### SOURCE DATA
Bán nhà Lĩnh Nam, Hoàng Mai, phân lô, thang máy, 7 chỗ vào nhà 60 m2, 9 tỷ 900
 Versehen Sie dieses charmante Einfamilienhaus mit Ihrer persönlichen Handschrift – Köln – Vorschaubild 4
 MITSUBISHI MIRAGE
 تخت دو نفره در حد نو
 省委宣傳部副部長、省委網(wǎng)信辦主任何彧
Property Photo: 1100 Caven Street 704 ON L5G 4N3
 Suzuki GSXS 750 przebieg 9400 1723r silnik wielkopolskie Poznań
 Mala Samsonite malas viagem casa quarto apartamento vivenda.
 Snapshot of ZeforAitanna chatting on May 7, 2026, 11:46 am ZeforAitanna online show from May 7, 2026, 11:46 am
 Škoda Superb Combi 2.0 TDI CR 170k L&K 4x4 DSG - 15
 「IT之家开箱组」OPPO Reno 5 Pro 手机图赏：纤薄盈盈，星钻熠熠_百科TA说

### ASSIGNED TASK
With no line omitted, copy all the data exactly.

### COMPLETED TASK
Bán nhà Lĩnh Nam, Hoàng Mai, phân lô, thang máy, 7 chỗ vào nhà 60 m2, 9 tỷ 900
 Versehen Sie dieses charmante Einfamilienhaus mit Ihrer persönlichen Handschrift – Köln – Vorschaubild 4
 MITSUBISHI MIRAGE
 تخت دو نفره در حد نو
 省委宣傳部副部長、省委網(wǎng)信辦主任何彧
Property Photo: 1100 Caven Street 704 ON L5G 4N3
 Suzuki GSXS 750 przebieg 9400 1723r silnik wielkopolskie Poznań
 Mala Samsonite malas viagem casa quarto apartamento vivenda.
 Snapshot of ZeforAitanna chatting on May 7, 2026, 11:46 am ZeforAitanna online show from May 7, 2026, 11:46 am
 Škoda Superb Combi 2.0 TDI CR 170k L&K 4x4 DSG - 15
 「IT之家开箱组」OPPO Reno 5 Pro 手机图赏：纤薄盈盈，星钻熠熠_百科TA说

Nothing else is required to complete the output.